WORK TO COMPLETE: Return the records that follow unaltered. Omit every picture.

START INPUT MATERIAL

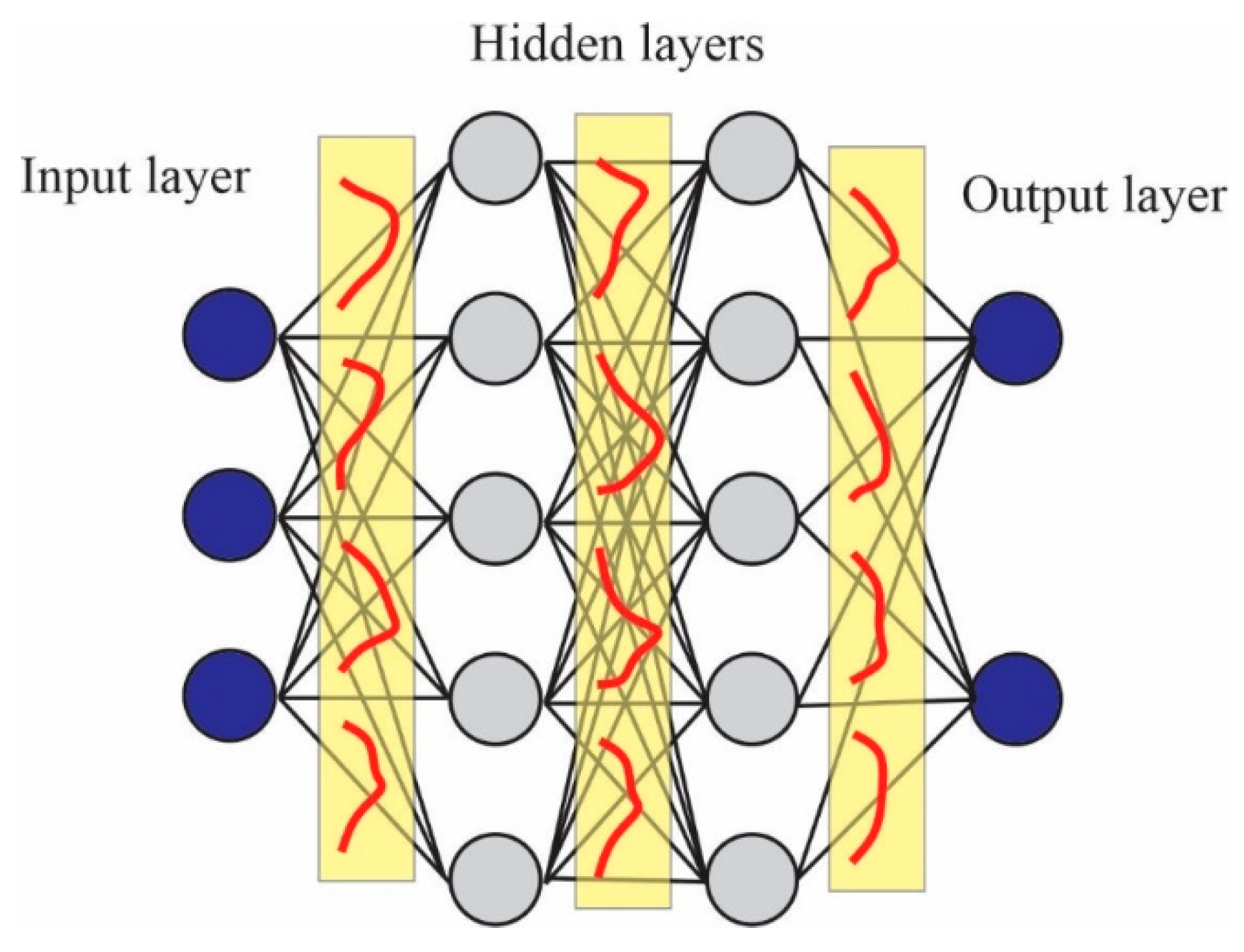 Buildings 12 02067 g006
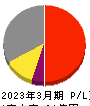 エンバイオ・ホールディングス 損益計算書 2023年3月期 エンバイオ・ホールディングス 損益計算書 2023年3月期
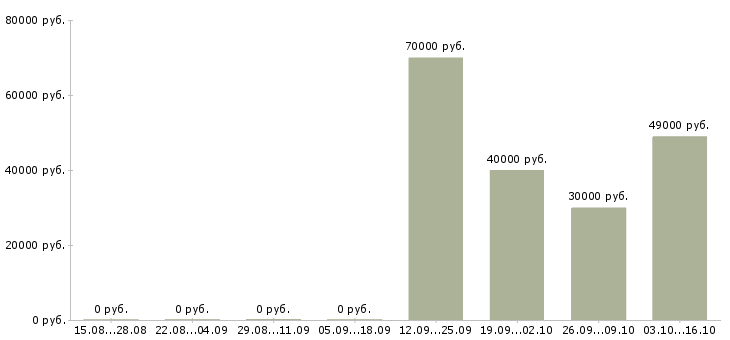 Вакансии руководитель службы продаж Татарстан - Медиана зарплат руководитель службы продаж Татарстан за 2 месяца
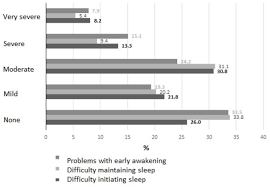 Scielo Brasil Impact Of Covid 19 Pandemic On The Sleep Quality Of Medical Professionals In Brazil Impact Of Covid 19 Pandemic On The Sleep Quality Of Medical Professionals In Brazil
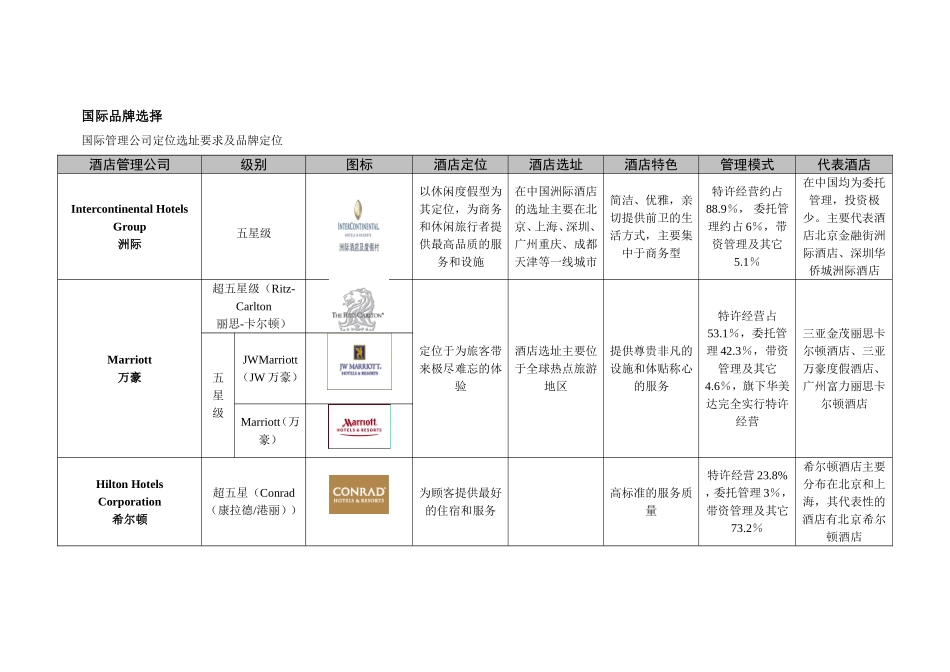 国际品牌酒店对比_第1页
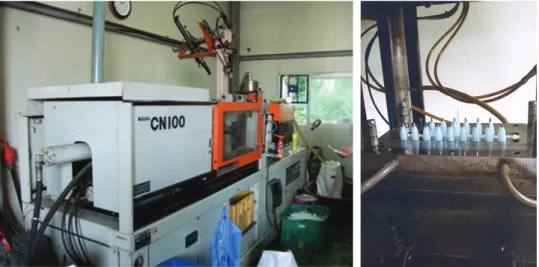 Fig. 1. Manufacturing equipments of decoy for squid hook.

END INPUT MATERIAL

FINAL ANSWER:
 Buildings 12 02067 g006
 エンバイオ・ホールディングス 損益計算書 2023年3月期 エンバイオ・ホールディングス 損益計算書 2023年3月期
 Вакансии руководитель службы продаж Татарстан - Медиана зарплат руководитель службы продаж Татарстан за 2 месяца
 Scielo Brasil Impact Of Covid 19 Pandemic On The Sleep Quality Of Medical Professionals In Brazil Impact Of Covid 19 Pandemic On The Sleep Quality Of Medical Professionals In Brazil
 国际品牌酒店对比_第1页
 Fig. 1. Manufacturing equipments of decoy for squid hook.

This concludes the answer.